Your goal:
Look through the data below. Show each line where the string "Mercedes" occurs.

═══ Supplied material ═══

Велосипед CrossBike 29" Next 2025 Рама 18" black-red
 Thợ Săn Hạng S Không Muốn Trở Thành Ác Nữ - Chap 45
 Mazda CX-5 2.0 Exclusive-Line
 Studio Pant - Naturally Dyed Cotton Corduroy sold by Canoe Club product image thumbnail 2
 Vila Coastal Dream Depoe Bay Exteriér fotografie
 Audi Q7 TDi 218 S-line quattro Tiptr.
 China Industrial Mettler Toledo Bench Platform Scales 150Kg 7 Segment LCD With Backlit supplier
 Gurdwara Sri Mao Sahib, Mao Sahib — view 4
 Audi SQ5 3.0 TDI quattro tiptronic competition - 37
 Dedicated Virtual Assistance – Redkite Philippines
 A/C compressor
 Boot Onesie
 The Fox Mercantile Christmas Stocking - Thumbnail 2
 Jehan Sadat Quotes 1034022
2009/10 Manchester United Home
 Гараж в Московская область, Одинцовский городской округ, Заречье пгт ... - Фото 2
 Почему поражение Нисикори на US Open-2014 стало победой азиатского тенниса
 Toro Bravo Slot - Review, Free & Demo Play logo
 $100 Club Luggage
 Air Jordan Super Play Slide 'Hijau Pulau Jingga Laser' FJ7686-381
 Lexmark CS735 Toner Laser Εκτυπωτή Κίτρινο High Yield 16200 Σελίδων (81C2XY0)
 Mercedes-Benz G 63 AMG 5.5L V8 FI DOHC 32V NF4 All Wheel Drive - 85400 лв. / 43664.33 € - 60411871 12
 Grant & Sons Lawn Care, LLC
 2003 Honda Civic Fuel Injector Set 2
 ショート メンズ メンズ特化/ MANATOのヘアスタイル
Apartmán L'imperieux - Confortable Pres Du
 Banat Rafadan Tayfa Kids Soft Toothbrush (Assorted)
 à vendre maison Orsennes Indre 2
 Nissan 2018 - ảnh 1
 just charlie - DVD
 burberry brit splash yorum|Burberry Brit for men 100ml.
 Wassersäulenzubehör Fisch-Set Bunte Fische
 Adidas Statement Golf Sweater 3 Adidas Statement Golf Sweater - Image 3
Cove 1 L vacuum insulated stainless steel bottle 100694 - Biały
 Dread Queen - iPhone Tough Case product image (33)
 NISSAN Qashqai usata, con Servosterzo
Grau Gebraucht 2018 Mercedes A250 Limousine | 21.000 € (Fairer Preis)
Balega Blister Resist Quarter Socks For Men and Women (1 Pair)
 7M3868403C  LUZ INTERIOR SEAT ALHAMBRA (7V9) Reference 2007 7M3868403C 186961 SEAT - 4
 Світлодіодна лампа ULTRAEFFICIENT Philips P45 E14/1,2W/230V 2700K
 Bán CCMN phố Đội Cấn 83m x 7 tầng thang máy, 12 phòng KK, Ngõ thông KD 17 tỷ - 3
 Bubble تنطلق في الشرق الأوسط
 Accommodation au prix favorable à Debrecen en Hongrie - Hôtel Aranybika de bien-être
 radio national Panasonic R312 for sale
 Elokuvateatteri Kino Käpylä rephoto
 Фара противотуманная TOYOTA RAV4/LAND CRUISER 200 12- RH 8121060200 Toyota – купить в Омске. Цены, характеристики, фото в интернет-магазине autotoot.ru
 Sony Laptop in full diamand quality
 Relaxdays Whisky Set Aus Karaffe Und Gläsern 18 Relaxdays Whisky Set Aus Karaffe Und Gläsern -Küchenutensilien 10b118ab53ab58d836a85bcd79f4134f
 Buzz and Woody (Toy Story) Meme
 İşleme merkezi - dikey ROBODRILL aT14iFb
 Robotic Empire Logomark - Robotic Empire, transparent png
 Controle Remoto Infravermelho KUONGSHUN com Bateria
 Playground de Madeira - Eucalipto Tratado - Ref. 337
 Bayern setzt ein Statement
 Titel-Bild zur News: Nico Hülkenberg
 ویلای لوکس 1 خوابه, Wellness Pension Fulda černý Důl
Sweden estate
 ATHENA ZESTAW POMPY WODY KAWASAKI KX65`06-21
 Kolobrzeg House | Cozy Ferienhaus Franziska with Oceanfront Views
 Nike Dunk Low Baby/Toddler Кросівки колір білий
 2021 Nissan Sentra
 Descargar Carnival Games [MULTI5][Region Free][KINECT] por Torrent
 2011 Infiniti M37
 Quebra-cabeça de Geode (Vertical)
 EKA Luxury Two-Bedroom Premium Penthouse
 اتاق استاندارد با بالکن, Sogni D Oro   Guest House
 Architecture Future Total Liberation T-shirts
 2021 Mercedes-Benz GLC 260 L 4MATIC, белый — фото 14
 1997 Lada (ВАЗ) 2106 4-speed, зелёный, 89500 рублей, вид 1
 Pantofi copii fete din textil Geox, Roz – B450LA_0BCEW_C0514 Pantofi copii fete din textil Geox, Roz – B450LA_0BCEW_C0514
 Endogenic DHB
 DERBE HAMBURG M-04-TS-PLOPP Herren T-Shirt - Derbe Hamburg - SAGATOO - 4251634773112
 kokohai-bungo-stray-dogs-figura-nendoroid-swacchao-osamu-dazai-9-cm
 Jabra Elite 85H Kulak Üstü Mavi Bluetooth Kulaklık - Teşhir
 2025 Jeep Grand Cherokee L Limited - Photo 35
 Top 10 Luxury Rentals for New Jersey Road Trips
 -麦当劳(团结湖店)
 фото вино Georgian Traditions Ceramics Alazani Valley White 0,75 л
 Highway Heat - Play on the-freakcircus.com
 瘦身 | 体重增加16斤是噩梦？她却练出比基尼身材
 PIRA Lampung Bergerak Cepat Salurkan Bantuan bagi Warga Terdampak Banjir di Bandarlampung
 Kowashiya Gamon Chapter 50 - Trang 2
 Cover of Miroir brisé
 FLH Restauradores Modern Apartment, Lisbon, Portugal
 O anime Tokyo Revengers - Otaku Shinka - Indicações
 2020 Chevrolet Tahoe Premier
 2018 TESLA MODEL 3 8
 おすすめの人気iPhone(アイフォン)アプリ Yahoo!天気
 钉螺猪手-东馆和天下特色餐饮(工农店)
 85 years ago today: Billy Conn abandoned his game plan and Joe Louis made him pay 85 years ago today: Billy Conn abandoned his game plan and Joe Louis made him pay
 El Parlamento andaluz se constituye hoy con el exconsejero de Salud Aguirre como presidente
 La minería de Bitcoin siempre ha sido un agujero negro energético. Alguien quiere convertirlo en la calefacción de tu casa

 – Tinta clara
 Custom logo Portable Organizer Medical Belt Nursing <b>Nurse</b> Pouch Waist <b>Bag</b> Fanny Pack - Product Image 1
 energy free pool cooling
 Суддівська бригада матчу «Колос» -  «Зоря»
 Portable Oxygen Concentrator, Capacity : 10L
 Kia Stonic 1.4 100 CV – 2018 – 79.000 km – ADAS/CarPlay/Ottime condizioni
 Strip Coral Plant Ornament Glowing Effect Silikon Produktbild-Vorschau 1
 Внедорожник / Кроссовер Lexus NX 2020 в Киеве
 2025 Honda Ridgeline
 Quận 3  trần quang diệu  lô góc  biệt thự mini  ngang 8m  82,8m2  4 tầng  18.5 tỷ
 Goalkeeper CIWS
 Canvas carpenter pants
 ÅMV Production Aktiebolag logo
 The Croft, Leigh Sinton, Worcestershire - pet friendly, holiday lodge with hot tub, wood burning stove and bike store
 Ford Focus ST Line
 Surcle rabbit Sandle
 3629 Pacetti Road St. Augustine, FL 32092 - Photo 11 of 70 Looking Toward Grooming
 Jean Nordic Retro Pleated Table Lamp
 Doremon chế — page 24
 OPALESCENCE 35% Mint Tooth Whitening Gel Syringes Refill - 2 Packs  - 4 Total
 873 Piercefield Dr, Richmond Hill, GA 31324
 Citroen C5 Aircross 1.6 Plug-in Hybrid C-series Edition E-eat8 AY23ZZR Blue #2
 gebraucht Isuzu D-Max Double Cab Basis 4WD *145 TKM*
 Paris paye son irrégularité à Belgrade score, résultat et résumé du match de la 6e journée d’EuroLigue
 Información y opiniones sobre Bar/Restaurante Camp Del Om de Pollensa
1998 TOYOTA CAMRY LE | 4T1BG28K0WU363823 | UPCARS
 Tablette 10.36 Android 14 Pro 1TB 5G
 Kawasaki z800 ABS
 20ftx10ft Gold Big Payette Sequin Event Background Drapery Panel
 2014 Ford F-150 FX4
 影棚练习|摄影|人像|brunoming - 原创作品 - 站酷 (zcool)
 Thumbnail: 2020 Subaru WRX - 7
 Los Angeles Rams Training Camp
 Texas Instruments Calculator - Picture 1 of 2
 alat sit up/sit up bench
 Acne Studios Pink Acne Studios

═══

Answer for the task:
 Mercedes-Benz G 63 AMG 5.5L V8 FI DOHC 32V NF4 All Wheel Drive - 85400 лв. / 43664.33 € - 60411871 12
Grau Gebraucht 2018 Mercedes A250 Limousine | 21.000 € (Fairer Preis)
 2021 Mercedes-Benz GLC 260 L 4MATIC, белый — фото 14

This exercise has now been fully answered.